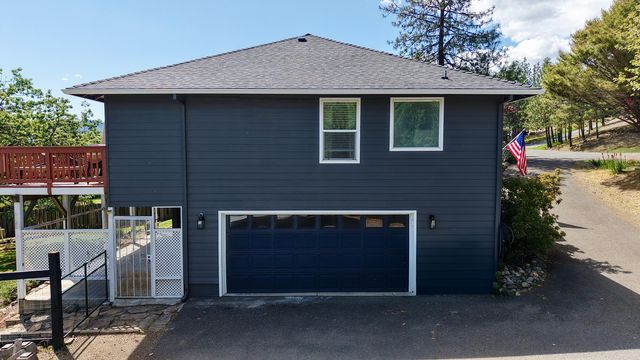 381 Pinetop Terrace, Shady Cove, OR 97539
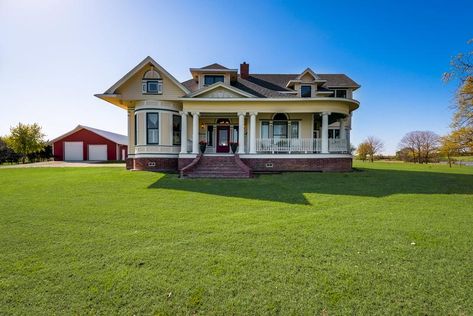 c. 1900 Victorian: Queen Anne For Sale in Corsicana, Texas - OldHouses.com Corsicana Texas, Bathroom Victorian, Victorian Queen, Hot Water Tanks, Queen Anne Victorian, Interior Columns, Lakefront Property, Old Houses For Sale, Vintage Light Fixtures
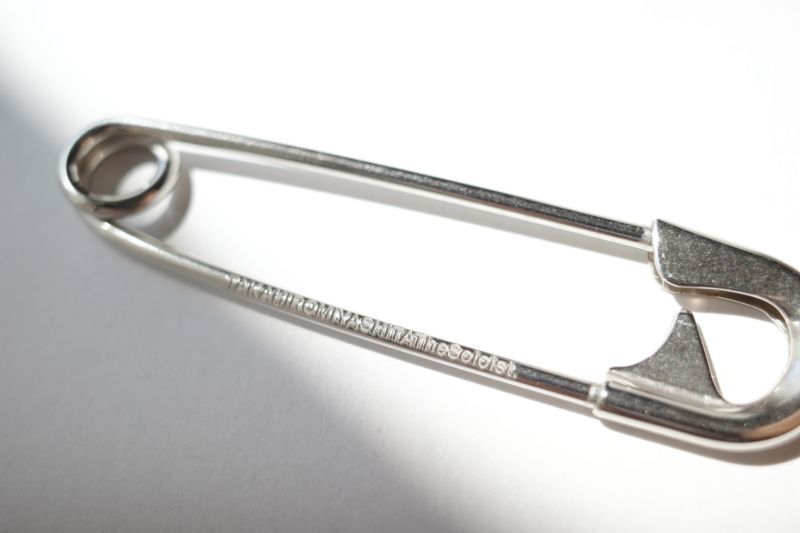 TAKAHIROMIYASHITATheSoloist. safety pin. 65mm - tity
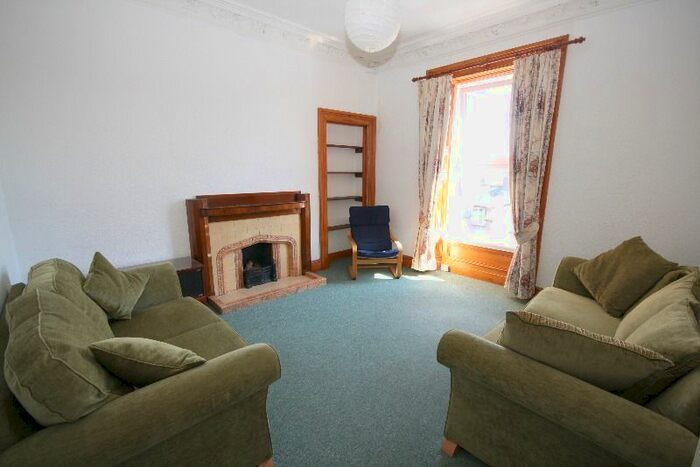 2 Bedroom Flat To Rent In Blackness Road, West End, Dundee, DD2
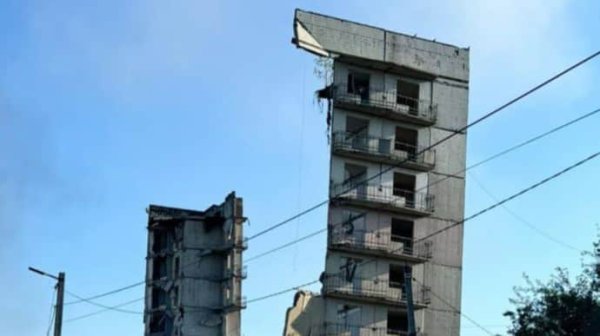 Россияне попали по 9-этажке в Мирнограде, один погибший четверо раненых - ОВА Россияне попали по 9-этажке в Мирнограде, один погибший четверо раненых - ОВА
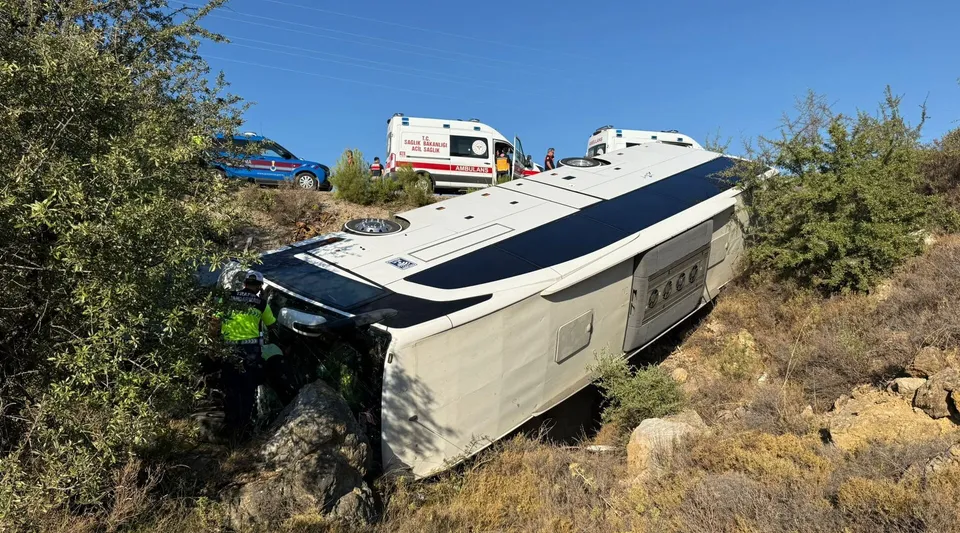 İzmir Menderes'te Otobüs ile Otomobil Çarpıştı: 2 Ölü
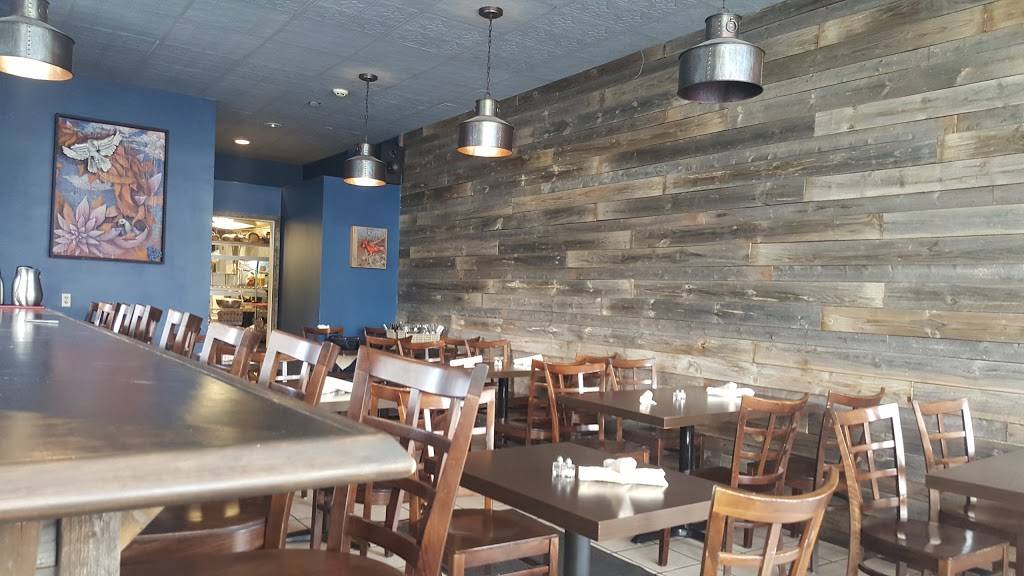 Blue Bear | restaurant | 2920 Taylor Ave, Racine, WI 53405, USA | 2625833131 OR +1 262-583-3131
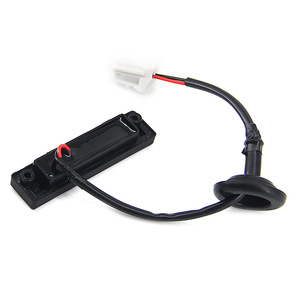 สวิตช์ฝาท้ายฮุนได 81260-2V000 สีดำ สำหรับเปลี่ยนอะไหล่ที่จับฝาท้าย - Product Image 5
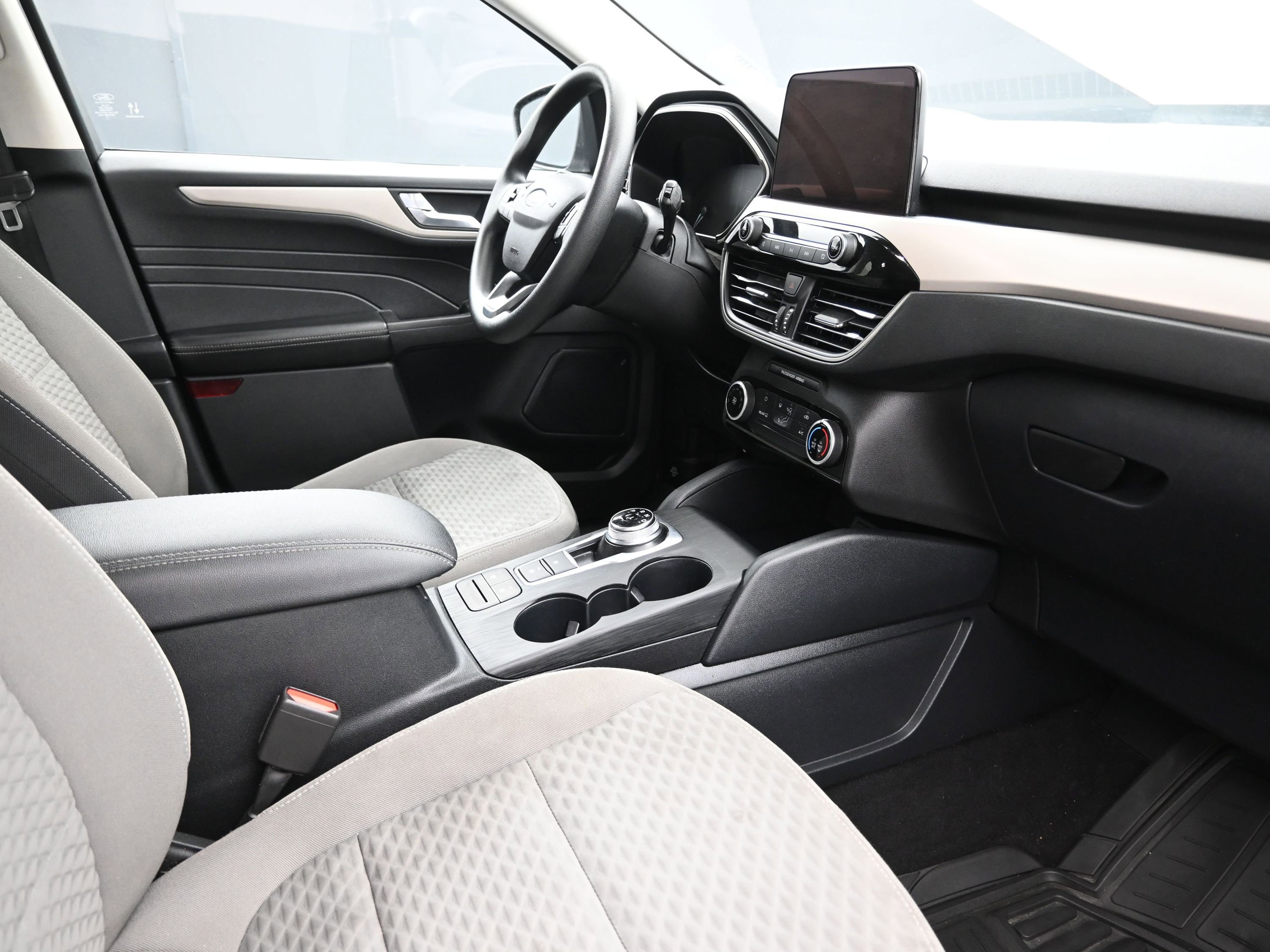 Used 2021 Ford Escape SE image 27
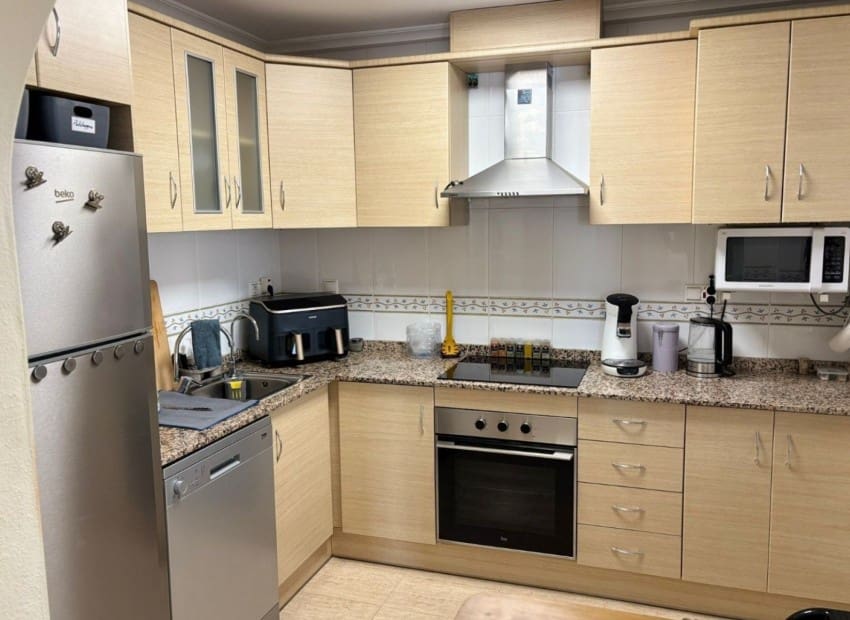 3 makuuhuone Paritalo myytävänä paikassa Avileses mukana uima-altaan 
autotalli - 230 000 € (Ref: 9628376)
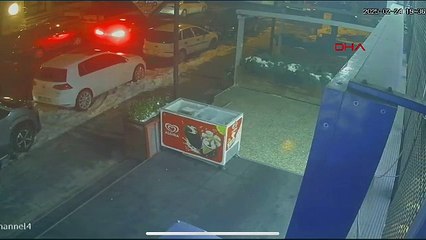 Müjde Ar ve eşi ölümden döndü: Kaza anı kamerada - thumbnail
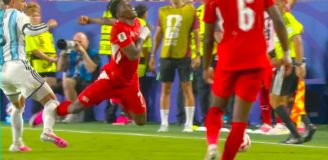 Embolo wylatuje z boiska ZA SYMULKĘ na środku boiska! [VIDEO]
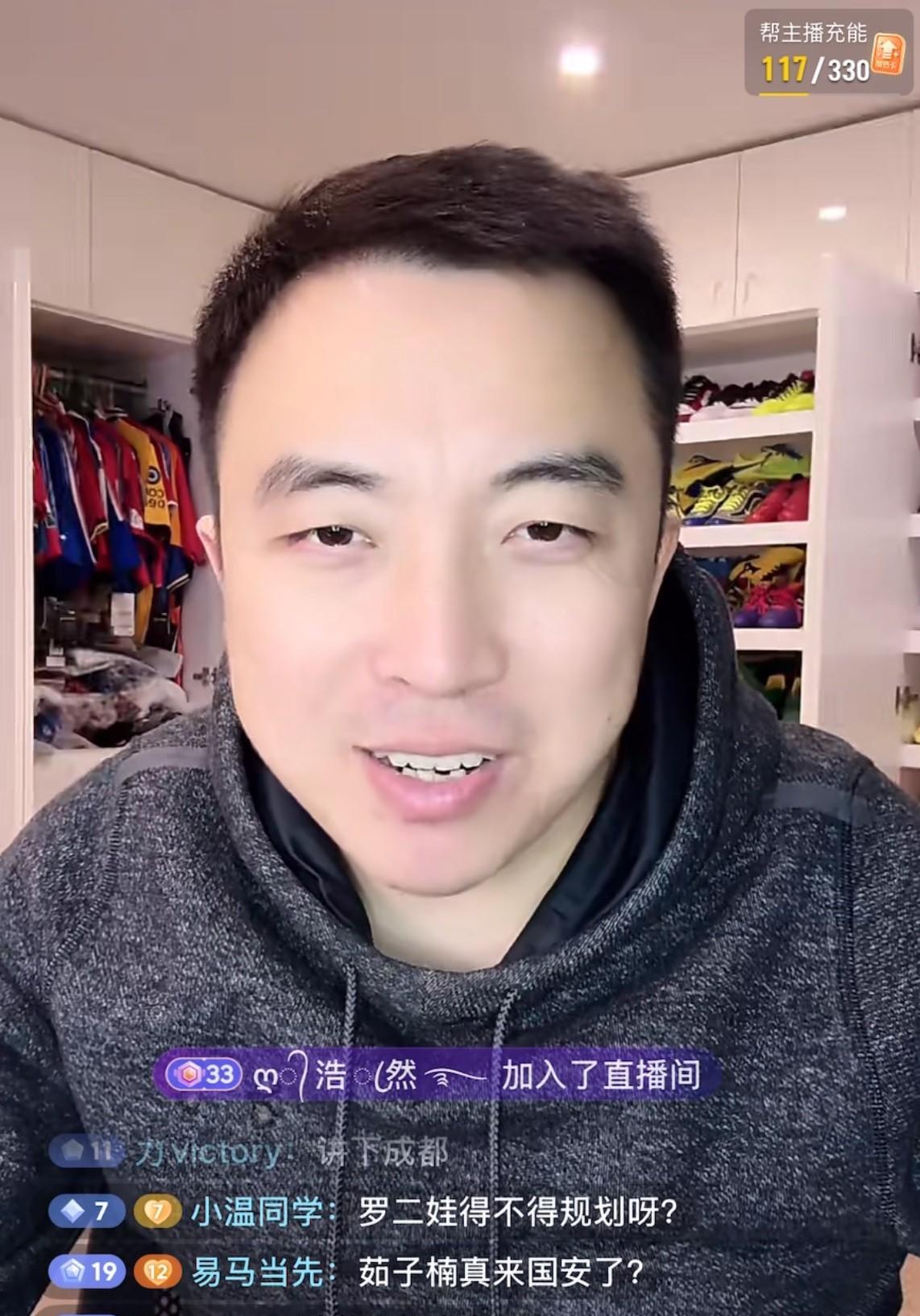 解说员袁甲认为，鲁能现在的问题是，中卫到底是谁？申花的问题是后腰到底是谁？而国安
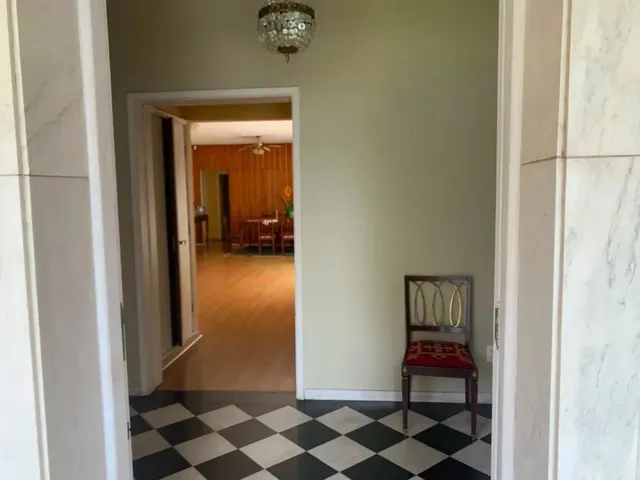 Casa 3 quartos e 2 banheiros, para alugar, no bairro Alto da Glória em Curitiba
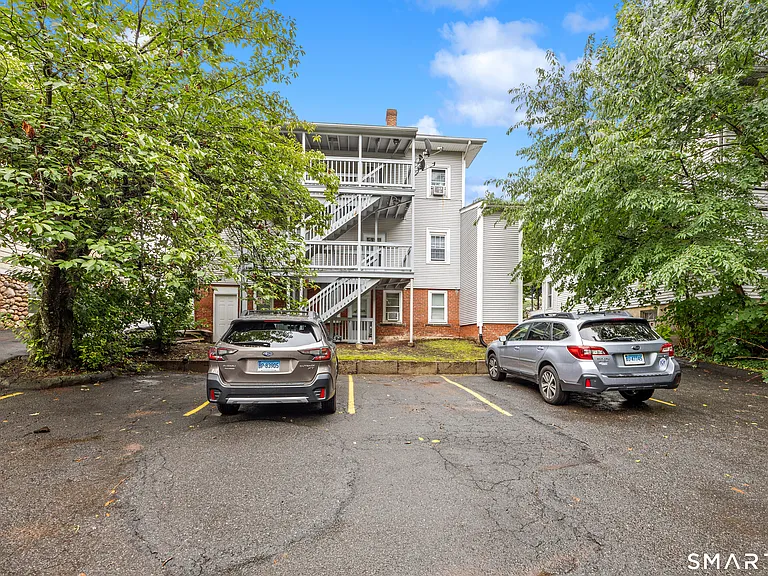 630 Broad St #2 — Photo 15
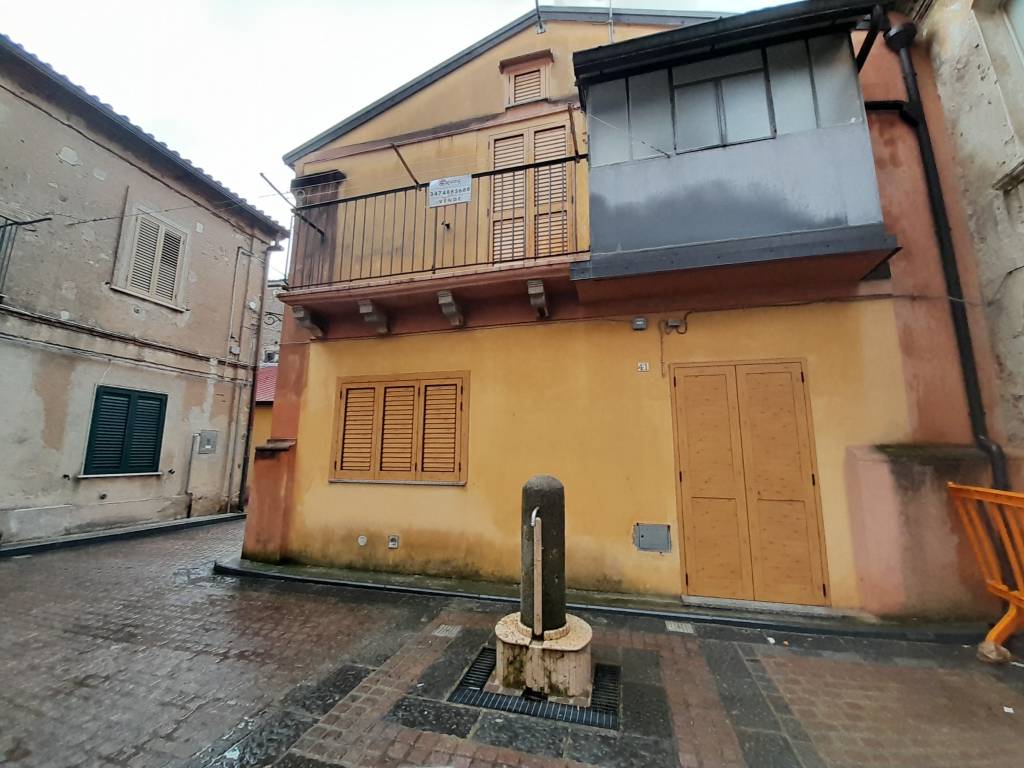 casa indipendente in vendita a Cittanova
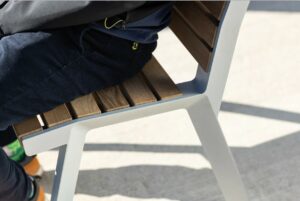 Fauteuil bois petites lames LUSSAN--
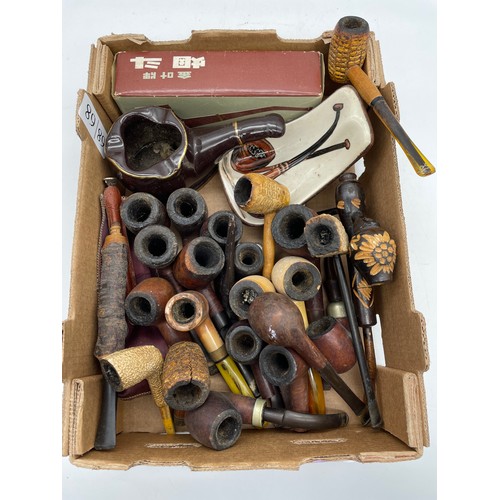 450 - BOX OF VARIOUS SMOKING PIPES AND PIPE HOLDER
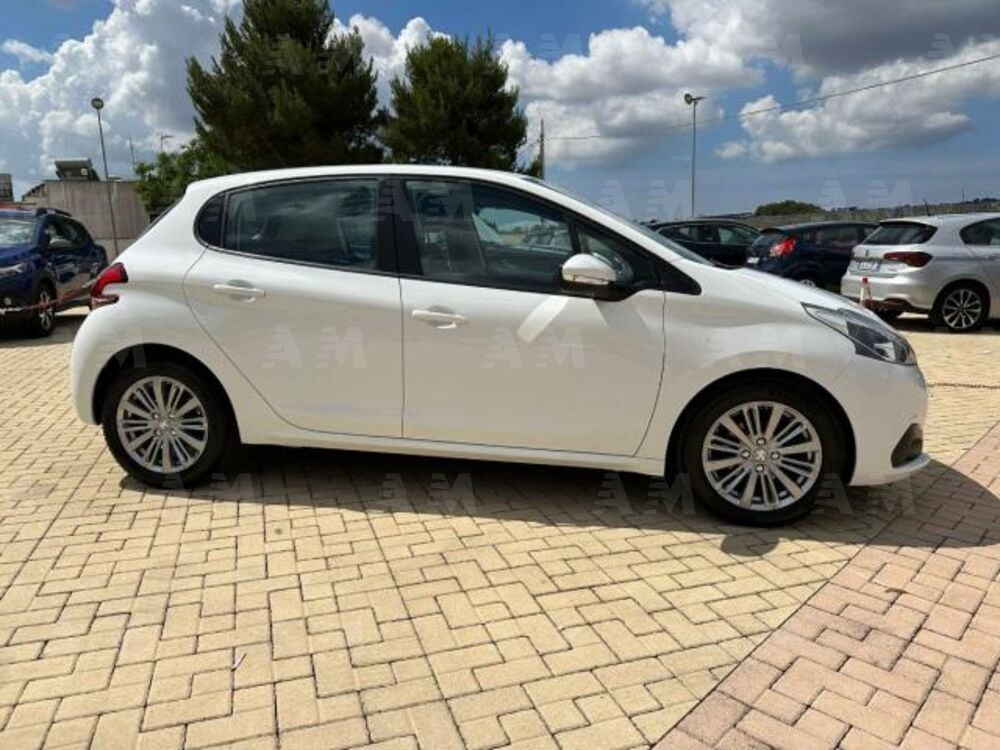 Peugeot 208 BlueHDi 100 Stop&Start 5 porte Allure (3)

++++++++

→ BRIEF
Please repeat the lines above from the line containing "casa indipendente in vendita a Cittanova" through the final line, both included, exactly as they stand and without pictures.

→ TASK ANSWER
 casa indipendente in vendita a Cittanova
 Fauteuil bois petites lames LUSSAN--
 450 - BOX OF VARIOUS SMOKING PIPES AND PIPE HOLDER
 Peugeot 208 BlueHDi 100 Stop&Start 5 porte Allure (3)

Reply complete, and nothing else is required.